Midlands restaurant owner gets electric bill size of house deposit

Edel Connolly of The Hare's Corner presenting Mountmellick United FC with jerseys

A restaurant owner is unable to sleep after getting an enormous electricity bill which she likened to a downpayment on a house. 

Edel Connolly has run The Hare’s Corner in Mountmellick with Brían White and Johnny Connolly for the past 14 months. 

The business in the Mountmellick Development Association Business Campus in Irishtown, which employs 13 full and part time staff, is still reeling from its last €13,000 electricity bill and has now been hit with an even larger electricity bill.

“I don’t know what to do. I can’t sleep, I don’t even want to answer my phone now,” said Edel. She was too upset to reveal the exact amount owed for electricity as she didn’t want to be reminded by reading it online but says the business is now in survival mode.  

“The electricity bill would be a 10 percent down payment on a three bedroom house and we don’t make that in a week,” a noticeably upset Edel said.

“It is not sustainable. I don’t want to read how much it is.

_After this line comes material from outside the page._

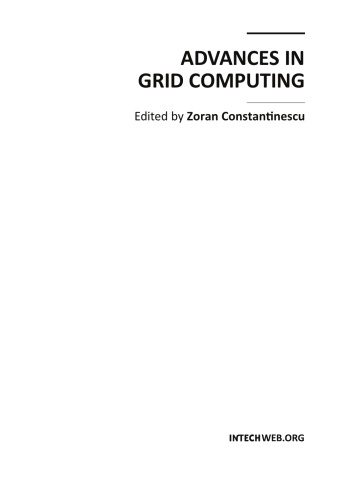 Advances In Grid Computing Zoran Constantinescu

It is killing me,” she remarked. 

Edel said The Hare’s Corner are being punished for being unable to settle the last bill which meant they were taken out of contract and placed on higher electricity rates. 

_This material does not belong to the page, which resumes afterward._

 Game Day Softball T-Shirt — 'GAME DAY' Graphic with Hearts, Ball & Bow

“We are being punished because we weren’t able to clear it(the last bill), they tripled our rates,” she explained. 

Edel recalled the first electricity bill 14 months ago being €800. “It kept getting higher and higher and came to the stage where the money wasn’t in the bank,” she said.  

The crippling bill was compounded by council road works in recent weeks which Edel said prevented people from accessing the restaurant and cost the business thousands of euro in recent weeks.

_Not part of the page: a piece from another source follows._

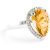 Citrine & Diamond Cosima Signature Halo Ring in Sterling Silver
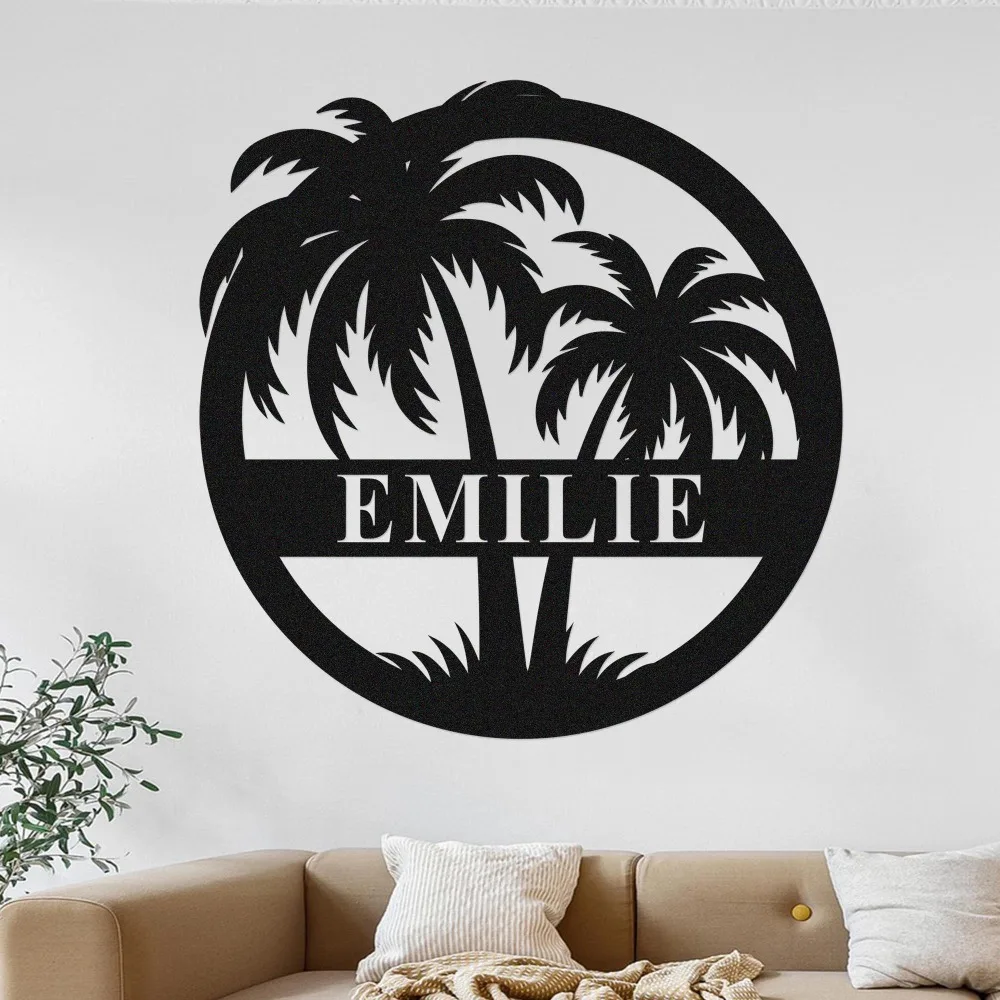 Personalized Palm Trees Metal Sign,Custom Family Name Plaque,Beach & Lake House Coastal Wall Decor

Aside from the energy bill hikes, Edel said she has been impacted by inflation across the board. “It is not even only the electricity, it is everything, the VAT, the wages, everything, food suppliers,” she remarked. 

While the government's 40 percent energy support scheme is welcome, Edel said it will barely put a dent in a bill that has increased by 300 percent.  “The only thing I can do is keep chiseling away at them(The bills),” she said. 

The Hare’s Corner is immensely popular in Mountmellick and is a hub for the community often used for events and functions.  

“We have great support. We had to close the other day because we sold out,” said Edel, who added that the business has supported any local organisations seeking help.

Edel took to social media to inform her customers that they would have to increase prices in order to survive.  

 “We have held off so much out of not wanting to potentially lose our lovely customers and supporters but we have gone into survival mode and are not allowing the doings of our own country to damage us any further so we have to as of this week slightly amend the pricing, always with the intention of lowering pricing when the government take the saddle and set of reigns off of our backs,” she wrote. 

“Receiving a bill that could be a down-payment on a three bedroom semi detached house is not what the restaurant industry needs right now and cutting corners and staff seems to be the only other advice given, advice that we will not bow to in order to line the pockets of companies that can gloat on a 600m profit for six months,” she added. 

Edel said the increase in prices will hopefully help pay the electricity bills. “We won’t make any profit, we know we won’t make any profit,” she  explained. 

Although she acknowledges the fact that the business cannot survive a year of bills of this magnitude, Edel is clinging to the hope that things will improve. 

“It will have to come down eventually…I am just living in hope,” she said.